Source material:
• • • • •
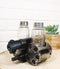 Old World Western Pistol Gun With Giant Barrels Salt Pepper Shakers Holder Set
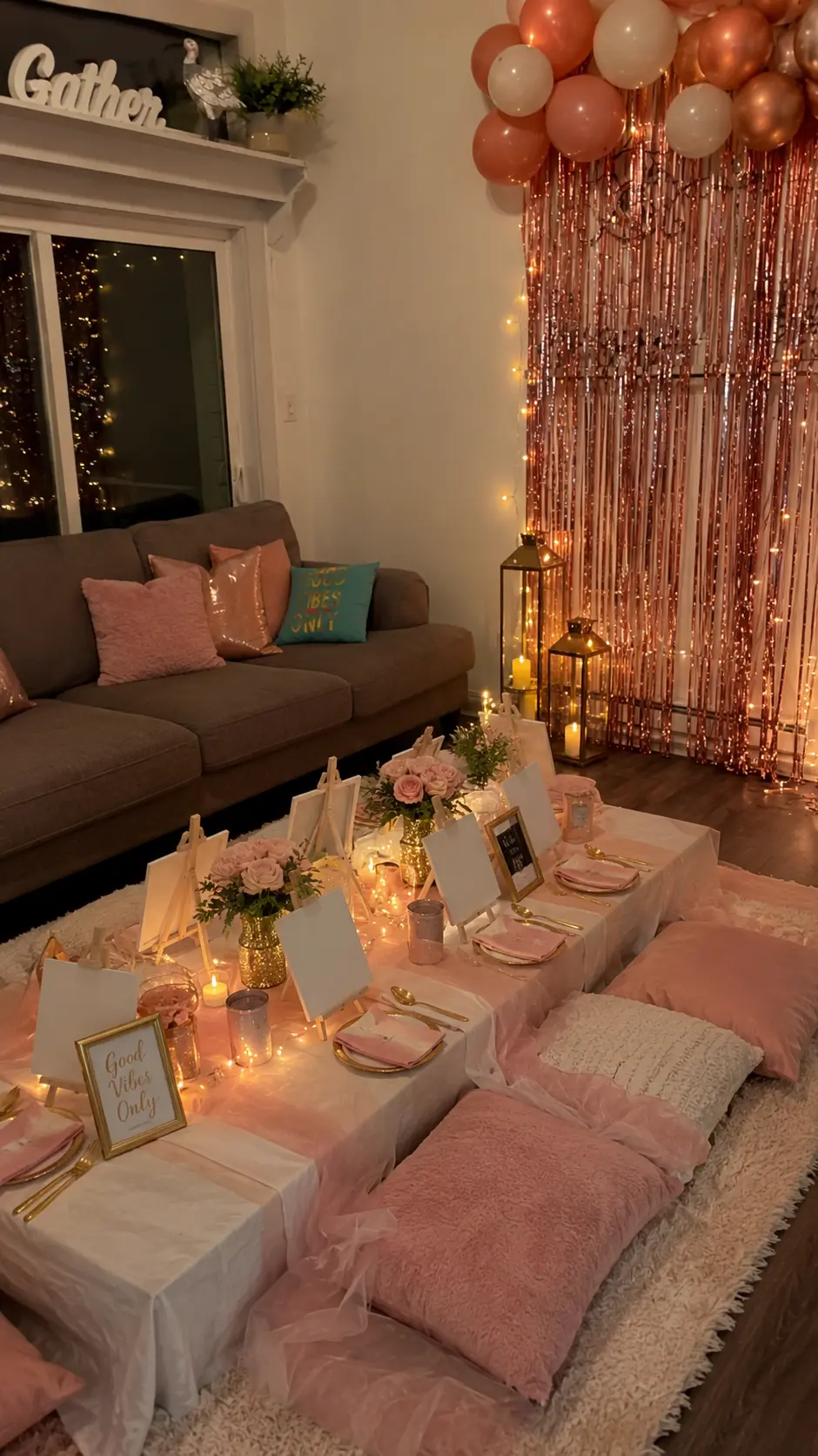 Indoor picnic setup with a low table, blush linens, rose centerpieces, candles and a rose gold fringe backdrop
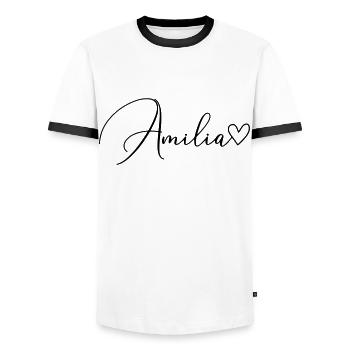 Amilia Nom Prénom Fille - T-shirt contrasté Homme - blanc/noir - Devant - AI Model Female 172 light (172cm) & AI Model Male 178 dark (178cm)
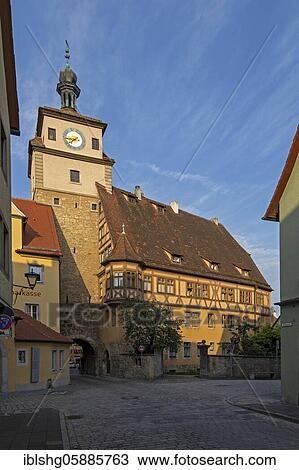 White Tower, Old Town, Rothenburg ob der Tauber, Middle Franconia, Bavaria, Germany, Europe View Large Photo Image Stock Image - White Tower, Old Town, Rothenburg ob der Tauber, Middle Franconia, Bavaria, Germany, Europe. Fotosearch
• • • • •
No pictures belong in the copy; quote exactly the lines from the line containing "Indoor picnic setup" through the final line of the material, both ends included.

 Indoor picnic setup with a low table, blush linens, rose centerpieces, candles and a rose gold fringe backdrop
 Amilia Nom Prénom Fille - T-shirt contrasté Homme - blanc/noir - Devant - AI Model Female 172 light (172cm) & AI Model Male 178 dark (178cm)
 White Tower, Old Town, Rothenburg ob der Tauber, Middle Franconia, Bavaria, Germany, Europe View Large Photo Image Stock Image - White Tower, Old Town, Rothenburg ob der Tauber, Middle Franconia, Bavaria, Germany, Europe. Fotosearch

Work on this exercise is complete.